Le mouvement qui opère la transition n’attend plus d’aide extérieure, certain de pouvoir veiller par lui-même à la clarté (Ulysse éloigne les femmes, leur disant qu’il s’occuperait lui-même des torches).

Mais le mensonge intérieur tourné vers l’incarnation, issu d’une illusion, reste lié au yoga qui lutte par la séparation (la servante Mélantho « le mensonge », fille de Dolios « trompeur », l’insulta car elle était l’amante d’Eurymaque « vaste combat »).

Au commencement du travail de transparence, lors de la préparation du yoga futur, cette illusion était nécessaire, mais le passage au nouveau yoga nécessite de tout admettre et tout intégrer, et le but doit donc changer et tout mensonge être éliminé (Pénélope avait élevé Mélantho comme sa fille, lui donnant tout ce qui pouvait la réjouir, mais celle-ci n’avait aucune compassion pour Pénélope car elle aimait Eurymaque).  
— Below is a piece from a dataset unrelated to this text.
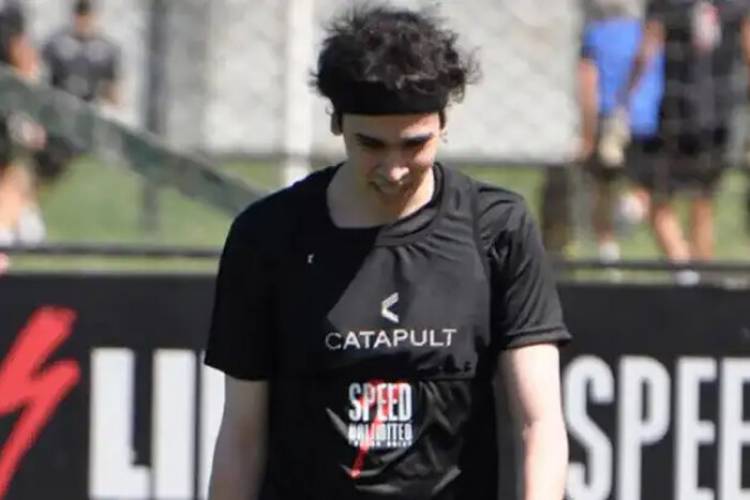 TRAS EL POLÉMICO DEBUT DE SPREEN EN PRIMERA DIVISIÓN, LA AFA ABRIÓ UN EXPEDIENTE A DEPORTIVO RIESTRA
Ici comme dans le yoga en général, les mouvements doivent être menés à leur terme avant qu’un renversement ne puisse s’effectuer (Athéna ne mit pas fin aux insultes des prétendants car elle voulait qu’Ulysse fut poussé à bout).

Ce qui travaille à la transparence tente de persuader le yoga qui sépare qu’il lui est supérieur, tant pour l’ascèse que pour le travail sur l’ombre (le mendiant-Ulysse prétend pouvoir se mesurer à Eurymaque aux travaux des champs et la guerre).

Tant que le moment décisif du nouveau yoga n’est pas venu et pour éviter que ce qui travaille à la transparence ne soit affaibli, le chercheur est encore obligé d’avoir recours à son « mental bien ordonné ». C’est le mouvement de yoga dont le chercheur est le plus familier à ce stade et qui s’approche le mieux de la vision d’une plus grande liberté (Ulysse se met sous la protection d’Amphinomos qu’appréciait Pénélope).

Les « anciennes réalisations » prennent la mesure d’un changement devant lequel « le mental bien ordonné » les invite à adopter une attitude de soumission vraie (les prétendants s’étonnant de l’effronterie de Télémaque, Amphinomos les invita à se calmer et à honorer les dieux).